SUPPLIED INFORMATION:
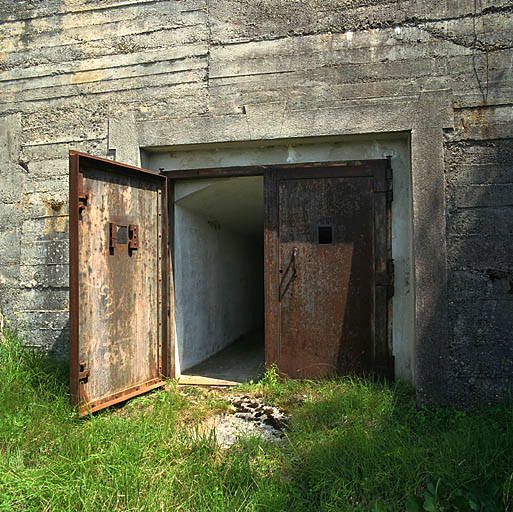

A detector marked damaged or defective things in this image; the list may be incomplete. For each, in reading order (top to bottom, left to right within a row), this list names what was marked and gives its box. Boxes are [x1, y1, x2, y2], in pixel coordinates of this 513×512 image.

rusty metal door [69, 150, 169, 414]
rusty metal door [264, 161, 392, 380]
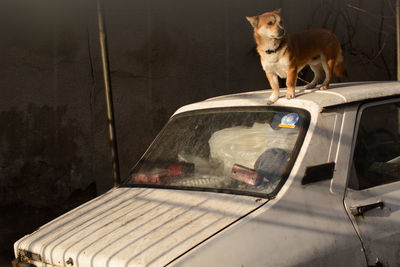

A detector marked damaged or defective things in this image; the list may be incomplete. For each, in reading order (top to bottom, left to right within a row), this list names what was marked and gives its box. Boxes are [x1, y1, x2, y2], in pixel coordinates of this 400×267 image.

rusty white car [12, 82, 400, 267]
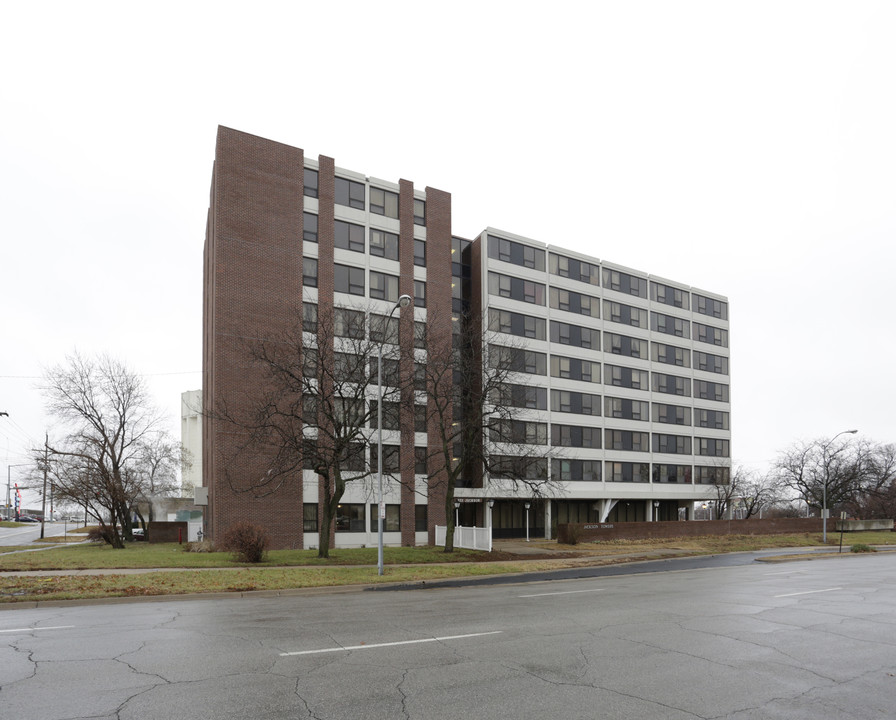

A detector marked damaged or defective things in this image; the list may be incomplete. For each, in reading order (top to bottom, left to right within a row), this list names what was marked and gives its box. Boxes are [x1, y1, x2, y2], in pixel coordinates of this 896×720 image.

cracked pavement [1, 552, 896, 716]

BRIEF: Each line from the one holding "this 400×267 image." through the end of the listing is to be output exactly, both ends included, with no other lines and the pictures left out.

EXERCISE RESULT:
A detector marked damaged or defective things in this image; the list may be incomplete. For each, in reading order (top to bottom, left to right within a row), this list names what was marked and gives its box. Boxes are [x1, y1, x2, y2], in pixel coordinates of this 400×267 image.

rusty white car [12, 82, 400, 267]

A detector marked damaged or defective things in this image; the list may be incomplete. For each, in reading order (top to bottom, left to right within a row), this list names what was marked and gives its box. Boxes are [x1, y1, x2, y2], in pixel coordinates of this 896×720 image.

cracked pavement [1, 552, 896, 716]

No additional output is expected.